*Excerpted records*

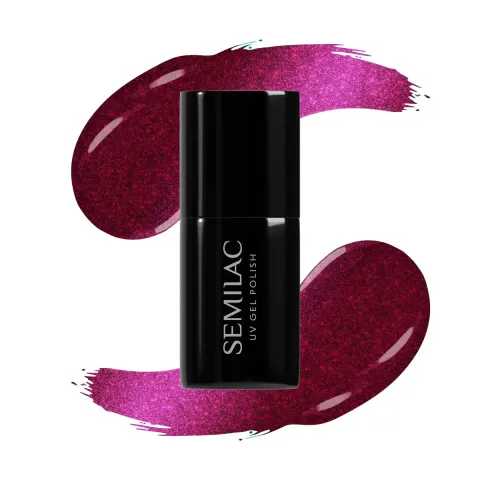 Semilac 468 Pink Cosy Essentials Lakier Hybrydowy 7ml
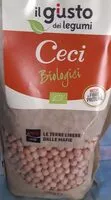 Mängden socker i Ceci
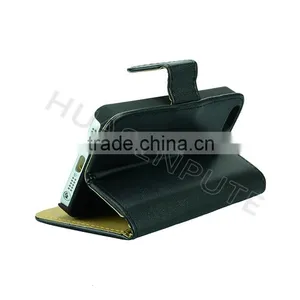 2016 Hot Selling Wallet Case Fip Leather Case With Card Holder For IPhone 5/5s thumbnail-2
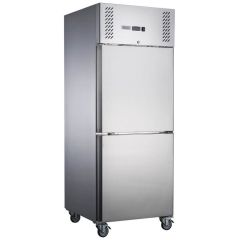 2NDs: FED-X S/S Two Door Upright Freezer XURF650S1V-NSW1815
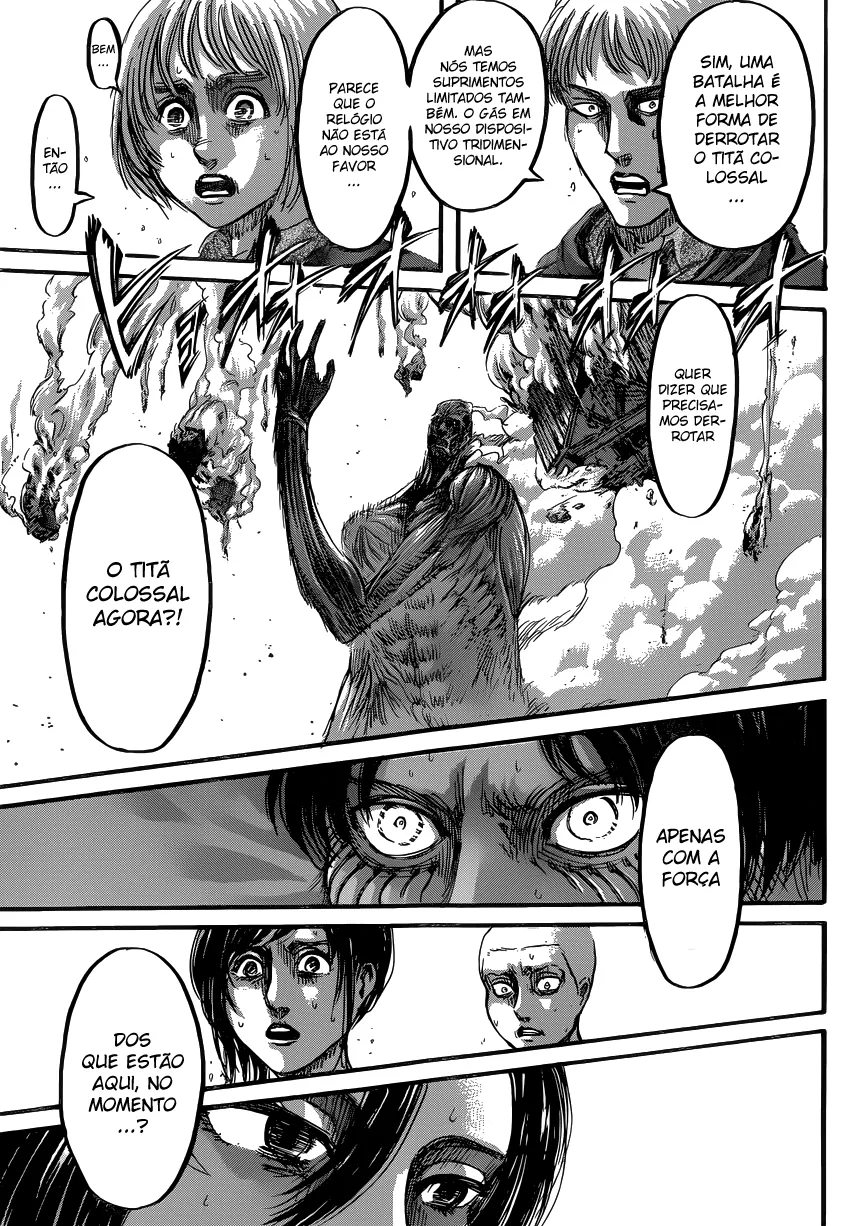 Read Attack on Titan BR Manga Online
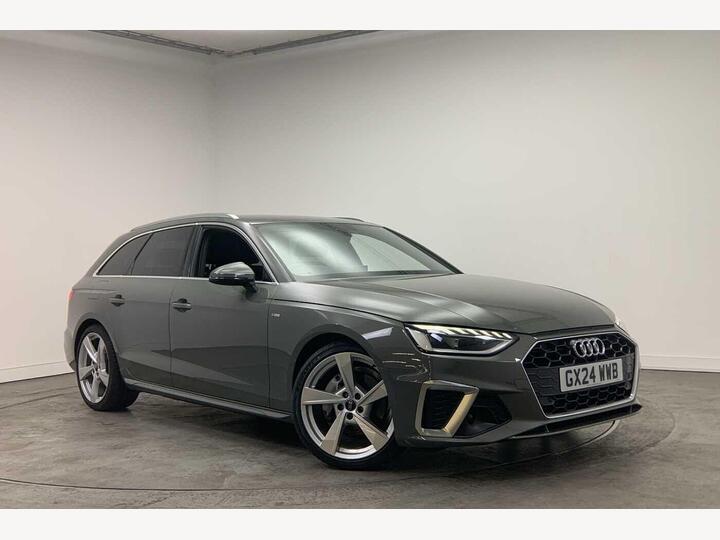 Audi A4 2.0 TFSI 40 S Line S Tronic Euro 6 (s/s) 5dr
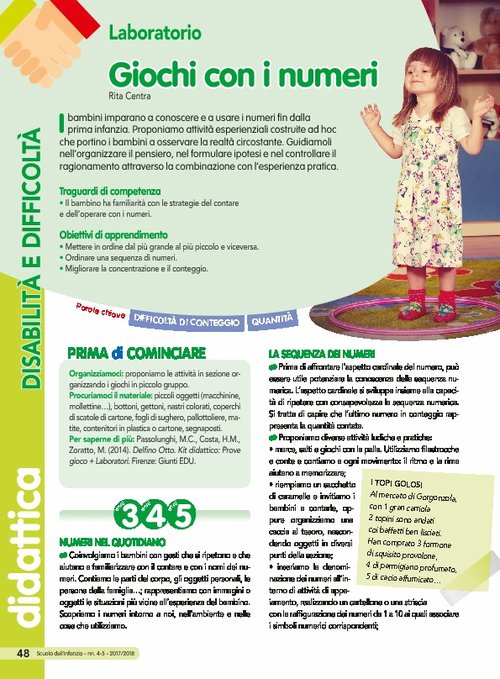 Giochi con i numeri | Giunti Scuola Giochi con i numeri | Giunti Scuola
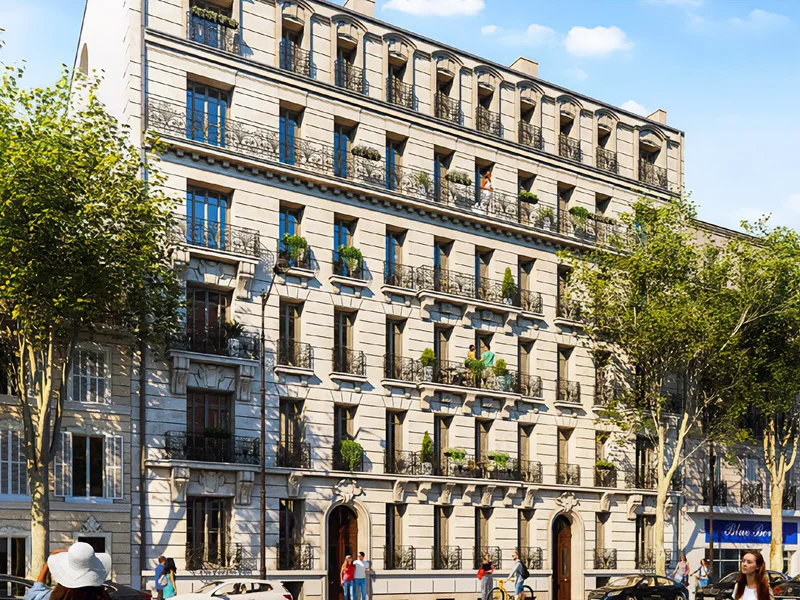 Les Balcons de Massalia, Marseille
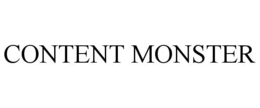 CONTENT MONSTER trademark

*Your task*
Transcribe the listing in full. Omit the pictures and keep every line exact.

*Written solution*
 Semilac 468 Pink Cosy Essentials Lakier Hybrydowy 7ml
 Mängden socker i Ceci
 2016 Hot Selling Wallet Case Fip Leather Case With Card Holder For IPhone 5/5s thumbnail-2
 2NDs: FED-X S/S Two Door Upright Freezer XURF650S1V-NSW1815
 Read Attack on Titan BR Manga Online
 Audi A4 2.0 TFSI 40 S Line S Tronic Euro 6 (s/s) 5dr
 Giochi con i numeri | Giunti Scuola Giochi con i numeri | Giunti Scuola
 Les Balcons de Massalia, Marseille
 CONTENT MONSTER trademark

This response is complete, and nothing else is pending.